Eight years into the National Partnership Agreement on Remote Indigenous Housing (NPARIH) – which committed $1.7 billion of federal money over a decade – Mr Giles claims only 60 per cent has ever made it to capital works.
If correct, and if consistent since the deal was signed in 2008, it means about $520 million of the estimated $1.3 billion given to the Territory so far has been lost to administration. The staggering information was revealed at a media event with Indigenous Affairs Minister Nigel Scullion at Mutitjulu yesterday, but it appeared to be of only secondary importance.
According to Mr Scullion’s media release, the event was about “a $350 million investment by the Australian and Northern Territory governments”.
But this money is not new, rather it is the final two years of NPARIH rebranded as the Remote Housing Strategy (RHS).
The most significant change of direction – which did not get a mention in Mr Scullion’s release – appears to be a new procurement process to eliminate the wastage.
While details have not been fully explained, the NT News understands the NT Department of Infrastructure will now run the entire delivery program behind remote housing instead of leaving the long chain of subcontracting – where fees are generally accumulated – to head contractors or project managers.
Mr Giles told reporters at Mutitjulu it would mean 90 per cent of NPARIH’s (RHS) final two years would go directly to housing works and only 10 per cent to administration.
Mr Giles said this $350 million would help the Territory Government build 152 new homes, 256 replacement homes and refurbish 1000 homes.
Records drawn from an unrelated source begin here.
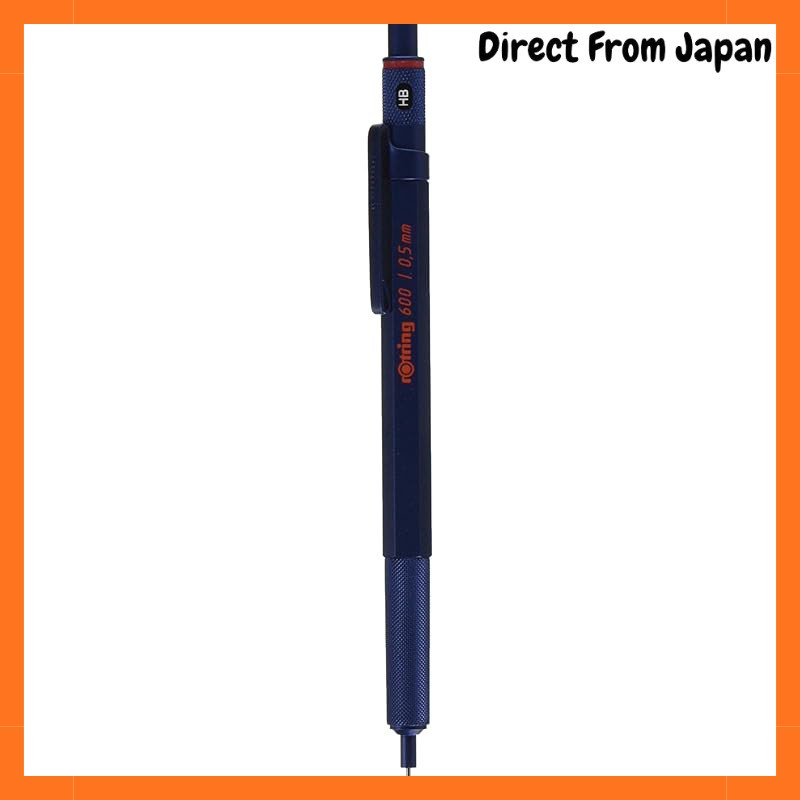 ROTRING 600 Iron Blue Mechanical Pencil 0.5mm Knock Type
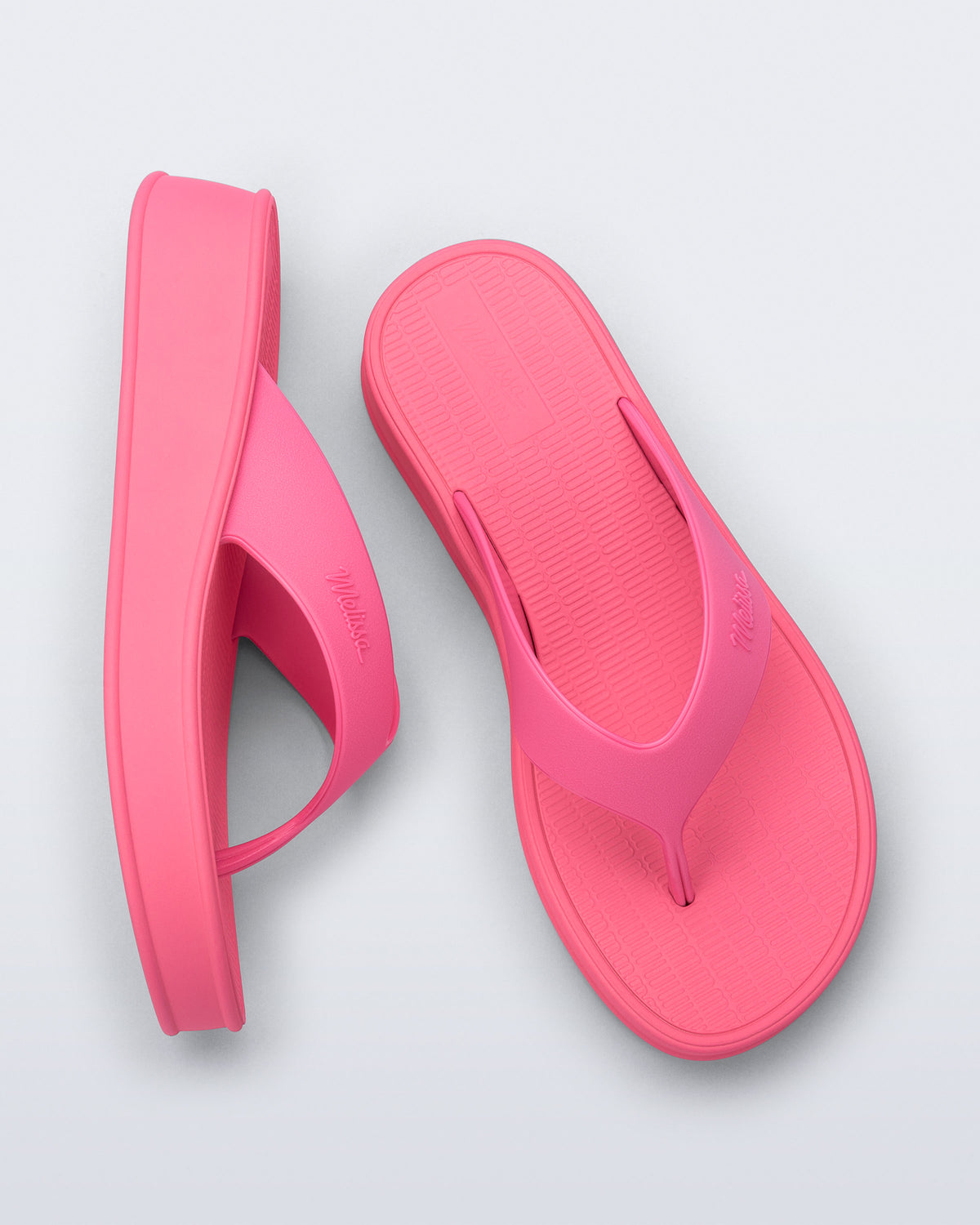 Melissa Sun Flip Flop Flatform Pink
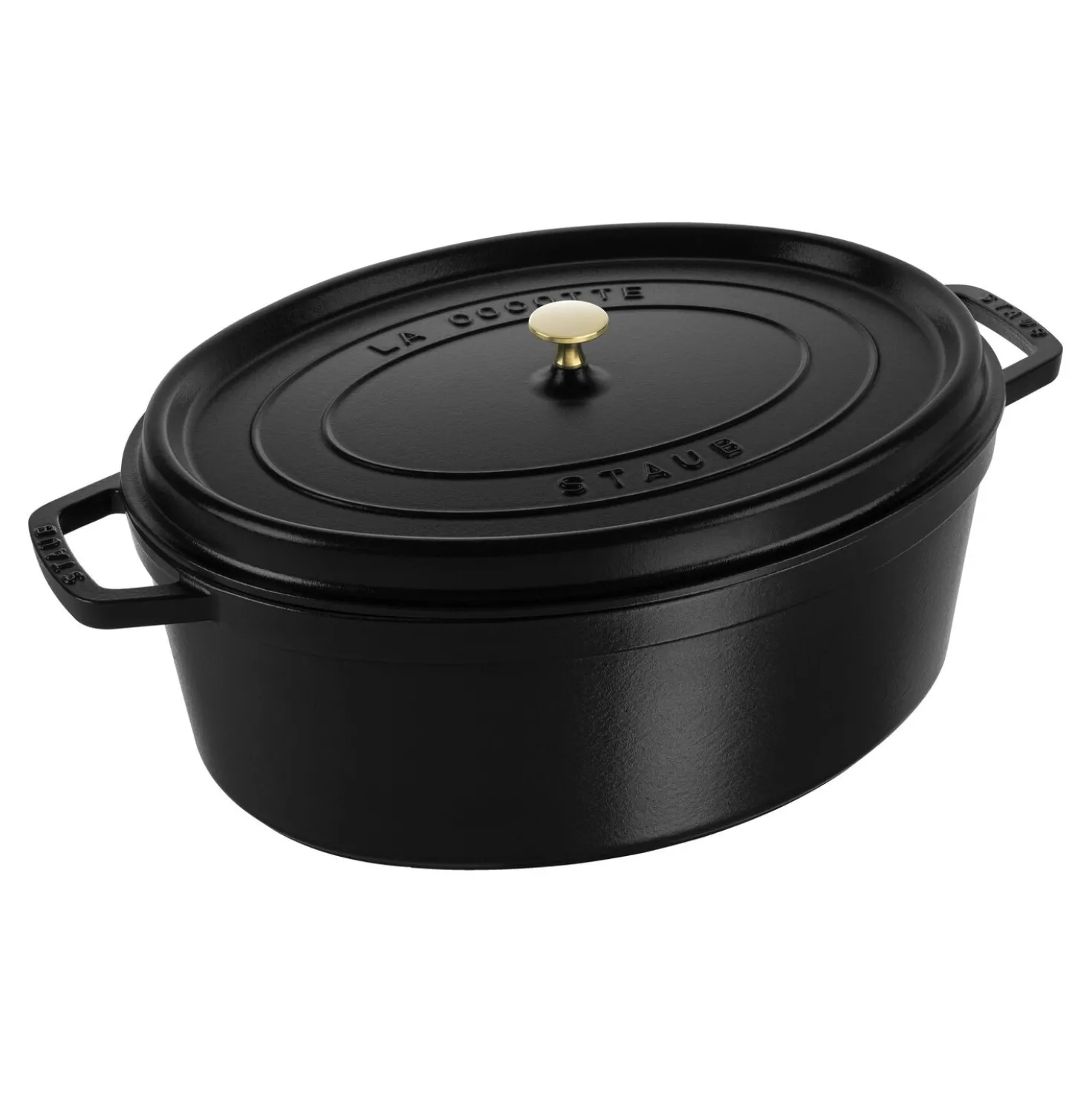 7 qt, Oval, Dutch Oven, Black Matte - Factory Second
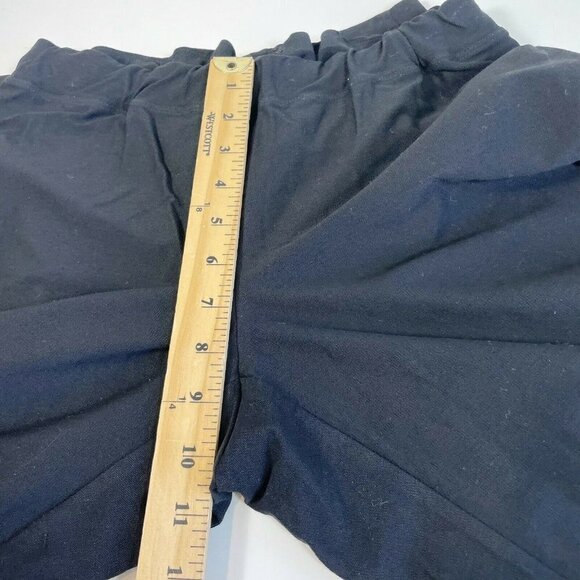 Eileen Fisher Womens Stretch Crepe Slim Ankle Dress Pants Black Size M Mid Rise - Picture 8 of 9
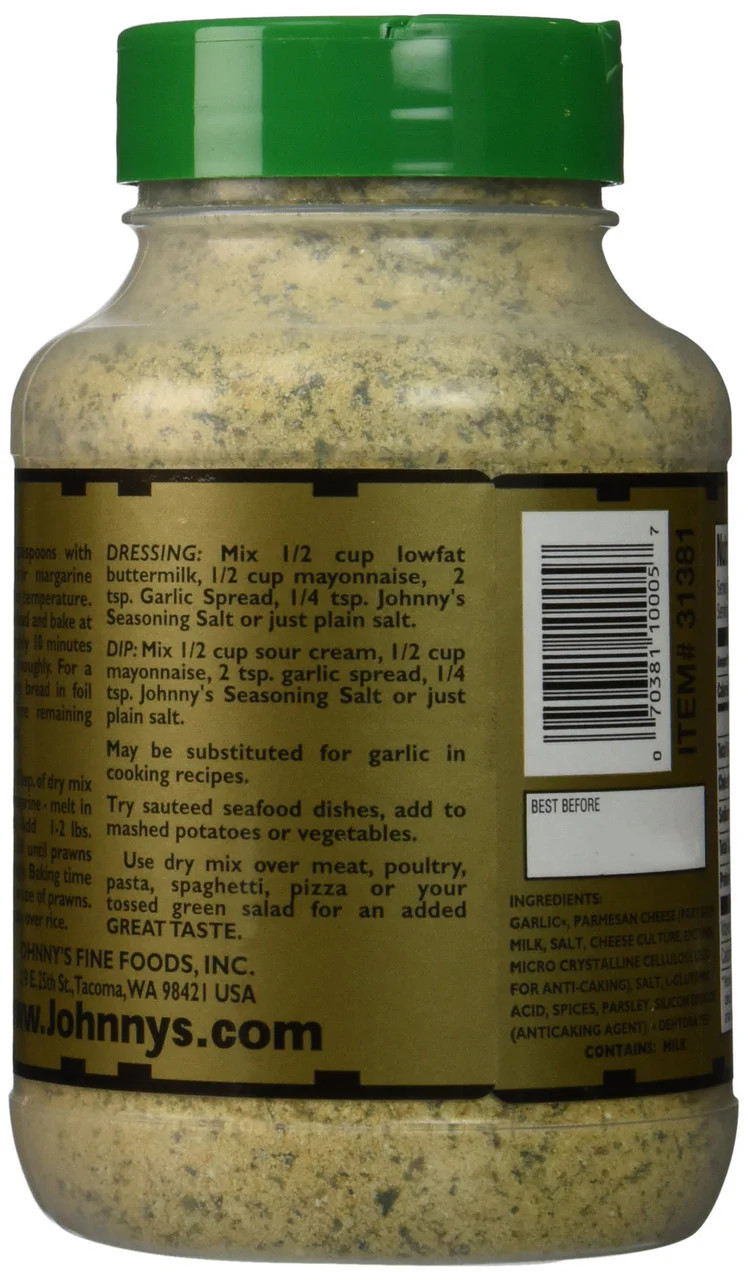 Johnny’s Garlic Spread & Seasoning, 510g/18oz (4pk) {Imported from Canada}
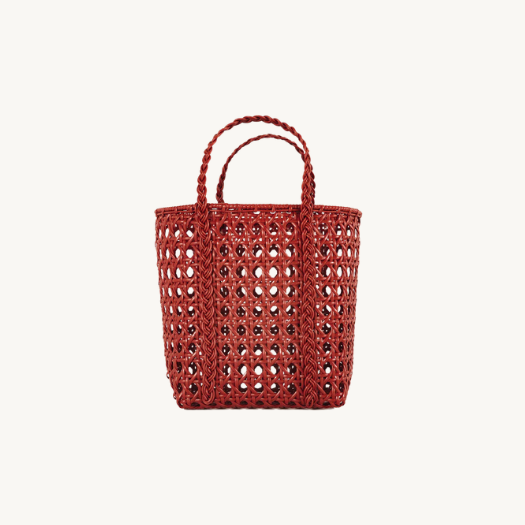 Papaya Art Bag- Luxe Tote "Beautiful"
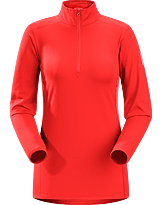 Phase AR Zip Neck LS Women's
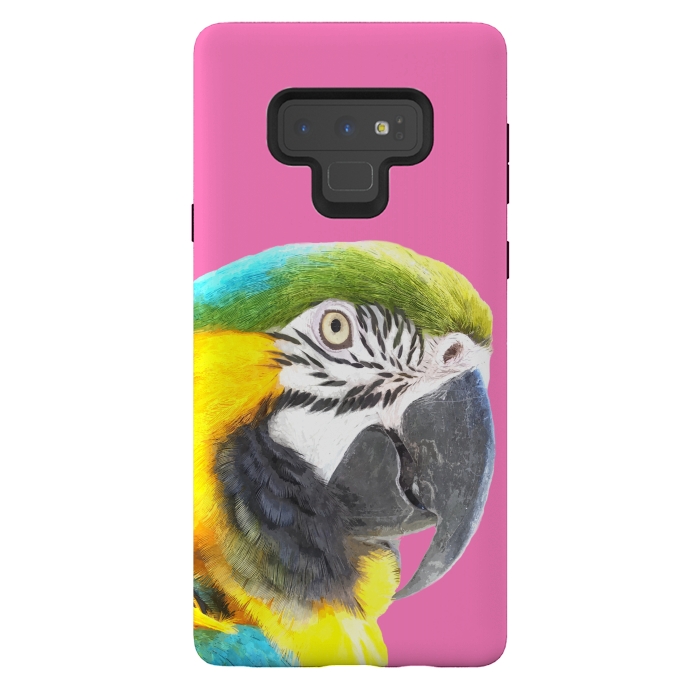Galaxy Note 9 StrongFit Macaw Portrait by Alemi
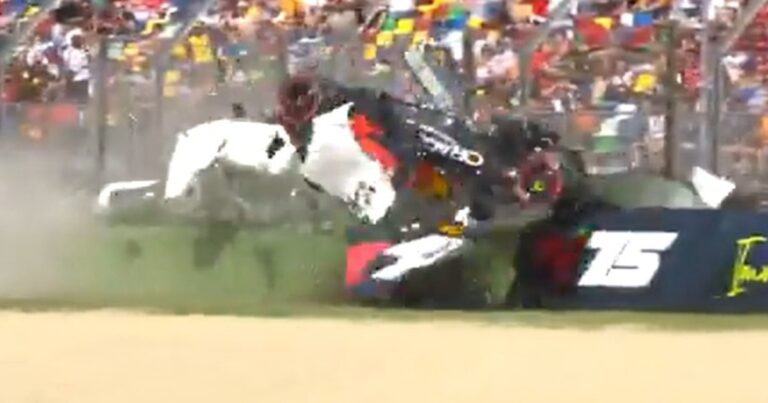 Video: el escalofriante accidente de Yuki Tsunoda durante la qualy del Gran Premio de Imola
It was announced yesterday 20 of these new homes would go to Mutitjulu.
“The new agreement ensures we have opportunities on the ground for people here in Mutitjulu and every community across the Territory,” Mr Scullion said when asked to explain the new and old models.
Asked how many jobs it would mean in Mutitjulu, he said: “I’m not sure I can answer the question.”
Mr Giles said those carrying out the new housing work must employ at least 35 per cent local indigenous people.